I don't believe the foley bellsaw company that mede your sharpener is the same foley bellsaw that is located in Kansas City. The bell and saw logo shown in one of the pictures is the same log used by Bellsaw company located in San jose Ca and the current maker of bellsaw planers. Of course the company may have been devided up and we are both correct. 

Here is a link for a guy with a blog and a bunch of manuals for saw sharpeners, including foley. http://sawfiler.blogspot.com


----------



## vinsapprentice (May 21, 2009)

OK 046 this is what I know. The retoother is part of the whole set up for sharpening carpenters hand saws. After a number of sharpenings the saw teeth lose their shape and vary in height. If the teeth are not all the same height you can joint the saw with a file and recut the teeth with a taper file or you can use the Foley retoother which uses the cutting dies to cut new teeth in the edge of the saw blade. In order to make this machine run properly you need retoothing bars - nothing more than a steel bar with evenly spaced notches - that allow the retoother to advance the blade as each tooth is cut. Bars were available for tooth spacing of 4 tpi (ripsaws) to about 15 tpi (finer cut crosscut saws).

Next step would be to mount the saw blade in the setter to have the correct set put into the teeth. 

Final step is to put the saw into a filer. This machine holds a taper file and runs it through each tooth on the blade and can be adjusted for each type of saw and tpi. The saw is clamped to a carrier bar which runs through the filer and keeps the saw in the proper position for the file to run through.

You don't show a picture of the filer. I have three filers and no retoother or setter. You never seem to find all of the stuff you need for these machines in one place. The hardest parts to find are the retoothing bars - without these the machine won't work. If you have these all you need to do is find a filer and you have a complete set up for doing hand and circular saws. Foley also made some wheel attachments which could be used for sharpening band saw blades on the filers.
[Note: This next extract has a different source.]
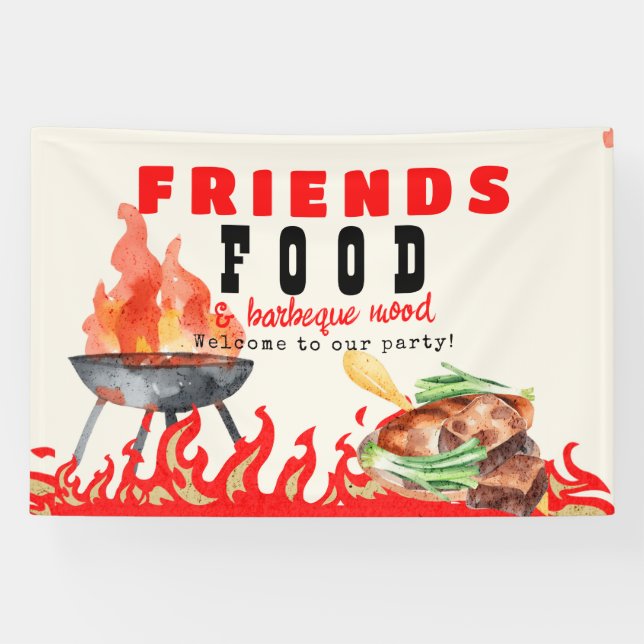 Friendsgiving Potluck GRILLEN Cook Off Erntedank Banner (Horizontal)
Keep poking around the internet. I can't remember where but someone posted a video or the manual for setting up the retoother.

Sorry for the stuff I left out but this was meant to be an overview. Hope this helps some. We're all sort of refiguring out how these things worked since there are really no sharpening shops left.


----------



## 046 (May 22, 2009)

thanks .. it's starting to make sense. 

what I need to do is find someone that needs all my equipment. 
would be happy to make someone a deal for all of it. 

shipping would be a bear. some of this equipment is heavy. 
best to have someone pick it up. 



vinsapprentice said:


> OK 046 this is what I know. The retoother is part of the whole set up for sharpening carpenters hand saws. After a number of sharpenings the saw teeth lose their shape and vary in height. If the teeth are not all the same height you can joint the saw with a file and recut the teeth with a taper file or you can use the Foley retoother which uses the cutting dies to cut new teeth in the edge of the saw blade. In order to make this machine run properly you need retoothing bars - nothing more than a steel bar with evenly spaced notches - that allow the retoother to advance the blade as each tooth is cut. Bars were available for tooth spacing of 4 tpi (ripsaws) to about 15 tpi (finer cut crosscut saws).
> 
> Next step would be to mount the saw blade in the setter to have the correct set put into the teeth.
> 
> ...


----------



## blades (May 25, 2009)

I own a saw sharpening/machine shop, hardly see many hand saws anymore. Was a time when I was doing about 10 a week or more. The advent of the hardened teeth (can't be filed have to grind and you can not reset them as they are so hard they will snap off) and really inexpensive handsaws has reduced this aspect of the trade to almost nothing. I also use to resharpen and set narrow width bandsaw blades, had machines for that also same senario as hand saws.
Still get a few plain steel circle saw blades now and again but by and large they have been replaced by carbide tipped units which I also service. My response to the industry changes has been to become a small full service machine shop. I do the one ups, repairs, remanufacture, short runs and that the fancy shops do not want to become involved with. ( not cost effective for them)


----------



## tomtrees58 (May 25, 2009)

i have one a [kb 1-a ] four chain saws that looks like four ice skates go to bell saw web site tom trees


----------